Is it even worth me trying to see what it would be like to play online games using Virtual PC? Hahah. Whats the performance of Virtual PC? Maybe it is better to get a whole new computer, but maybe some of you have tried playing games on it. Or maybe I don't understand Virtual PC and online games wont work on it haha.

-Perseus


----------



## Androo (Mar 24, 2003)

Um yeah, most video cards wont work on vpc. dunno why. Maybe diablo 2 will work, but i make you bet there will be many problems. Androo?


----------



## MacHeadCase (Mar 27, 2003)

I've seen some stuff about this on other forum sites. While there now seems there are alternatives to VPC, they all share the lack of 3D support...
VPC, WINE and OpenOSX's Wintel

And you can always check out the Connectix site:
3D Graphics Support (Yeah, again)


----------



## Androo (Mar 27, 2003)

hmm not good. they should just set up some kind of interOS technology so that games and most programs work on mac and windows!
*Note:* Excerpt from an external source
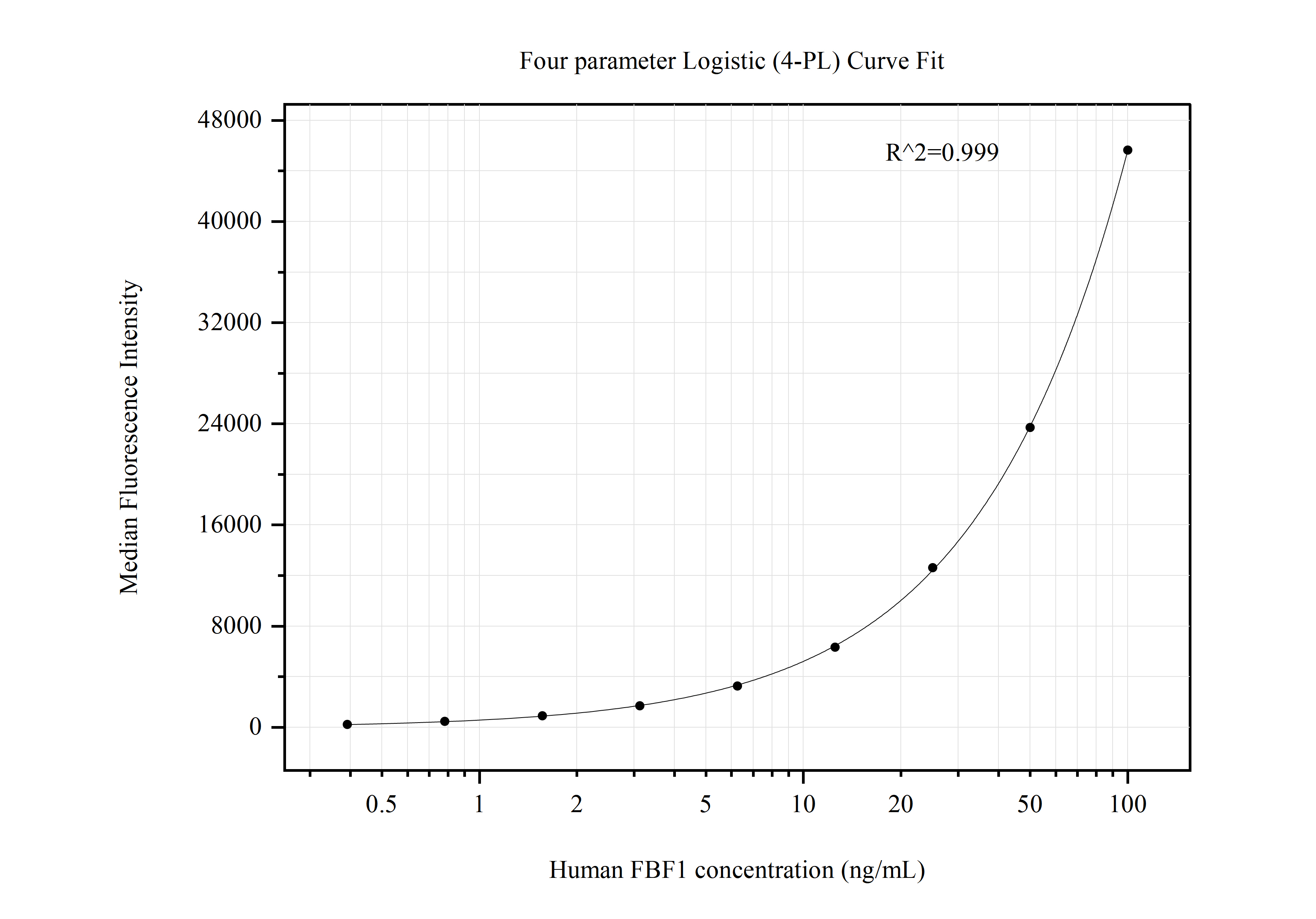 Cytometric bead array standard curve of MP50705-1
Like find out the stuff behind windows that lets the programs open up, and include it in mac!
Then virtual pc would have no use, and connectix would go bankrupt...


----------



## Stridder44 (Mar 27, 2003)

My friend, before he bought a PC, played Ultima Online via VPC...AND IT SUCKED! For any of you out there that havent played it, the game is mostly made of 2D images anyway...but regardless...it was still pretty slow.


----------



## MacHeadCase (Mar 29, 2003)

And let's not forget VirtualPC now belongs to Microsoft hummm?


----------



## chevy (Mar 29, 2003)

This is more good news than a problem: each copy of VPC will go with a copy of Windoze... M$ is not selling PCs or CPUs, but it sells Windoze. So VPC is a way to sell Windoze to Mac users , or to sell several copies of Windoze to PC users.


----------



## Racer D (Mar 29, 2003)

hmm I played commandos 1 on VPC for some time and it ran fine, but I did have to run it in OS 9, too slow in X (VPC 5, dunno bout 6)


----------



## dixonbm (Mar 30, 2003)

I would love to be able to play Axis and Allies online using Virtual PC, but have been unable to connect to MS Zone.  It''s quite sad.

Any other Axis and Allies freaks in here?


----------



## ul1984 (Apr 13, 2003)

Instead of running Ultima Online via VPC, try out Lineage, its Mac native.
ive been playing it for like a year and i love it.

http://www.lineage.com


----------